The key distribution scheme proposed in [23], as well as the LISH and Lish+ algorithms, their node storage cost is related to the lifetime of the node, and its correlation is shown in Figure 2. Figure 2 shows the comparison of the security key establishment mechanism based on high-order polynomial and the communication cost of the above key distribution schemes.

In Figure 2, the security key establishment mechanism based on high-order polynomial requires the smallest storage space, and it does not increase with the node’s lifetime. Therefore, the key establishment mechanism based on high-order polynomial is superior to the other schemes on storage cost.

4.2. Communication Cost

Using the security key establishment mechanism based on polynomial coefficients proposed in this paper, in a time slot (i.e., a key update period), the information about the key update that needs to be transmitted in the communication channel includes: a key update polynomial coefficients, the list of attacked components, and the list of random numbers. The number of the key update polynomial coefficients is related to the number of normal components m in the cluster. In general, the number of key update polynomial coefficient is $m+2$. The list of attacked components lists all the ID of attacked components, and the communication cost about it is related to the number of attacked components p. The random number list contains some random numbers used to construct the key update polynomial; the number of the random number x is related to the number of normal components m and the number of attacked components p in the cluster.

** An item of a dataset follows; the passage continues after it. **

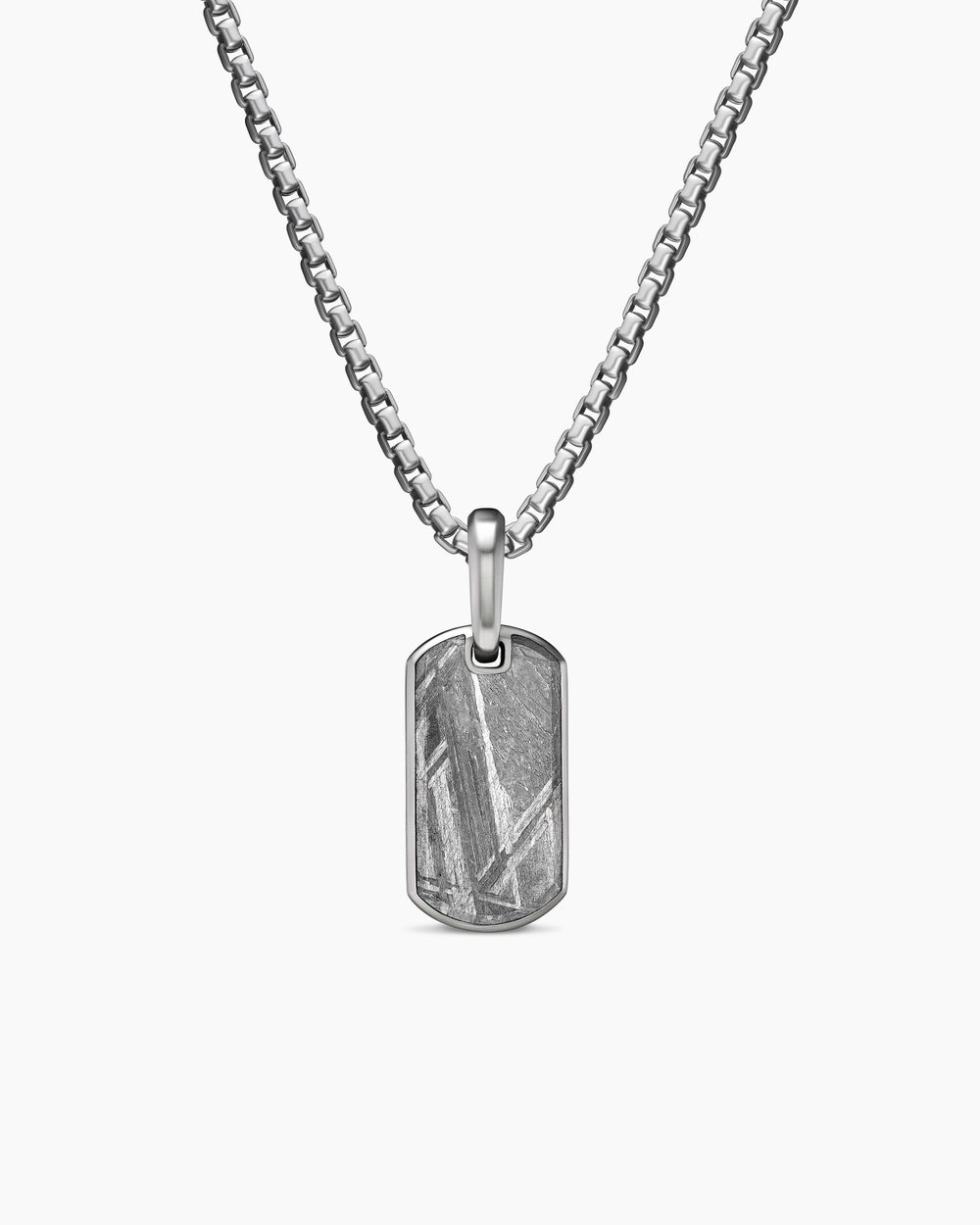 Médaille Chevron en argent sterling avec météorite, 21 mm hommes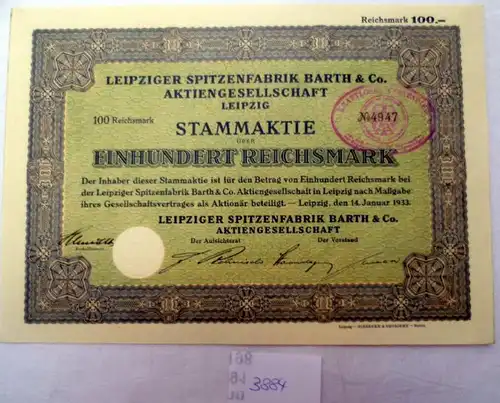 Leipziger Dentellefabrik Barth & Co AG, 100 RM Leipzig, 14.01.1933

Therefore, when the number of normal communication components is greater than or equal to the number of attacked components in the cluster, that is, $m>=p$, the communication cost is $C=m+2+p+x=2(m+2)$. When the number of normal communication components is less than the number of attacked components in the cluster, that is, $m<p$, the communication cost is $C=2(p+2)$. In general, there are several to a dozen components that need to communicate with each other, thus there are not many components communicating with each other within one cluster. Figure 3 shows the relationship between communication cost and the number of components being attacked when the total number of components in the cluster is 10, 15, and 20. Figure 3 shows that the communication cost is the lowest when the number of normal components and the number of attacked components in the cluster are equal. When there are more normal components in the cluster are attacked components, the communication cost is negatively correlated with the number of attacked components. When there are fewer components not being attacked than components being attacked, the communication cost is positively correlated with the number of components being attacked.

5. Conclusions

This paper focuses on the generation and distribution of communication keys between components in robots. A security key establishment mechanism based on high-order polynomial is proposed, and key generation is performed in a cloud-based key center. Prior to the key update, a key update instruction, which includes the coefficients of a group polynomials and the attacked components list, are broadcast to the components in a cluster. The coefficients ensure that the components which are in the secure state can correctly calculate the key, while the components which are being attacked cannot obtain the key. The key establishment mechanism proposed in this paper guarantees the security of the key. At the same time, the communication components only need to do simple calculation to get the key and the storage cost is small, which is more suitable for the situation where the resources are limited in some of the robots. Compared with the Lish and Lish+ algorithms, our mechanism allows robot components to dynamically join and leave the network, which is more suitable for multi-robot systems.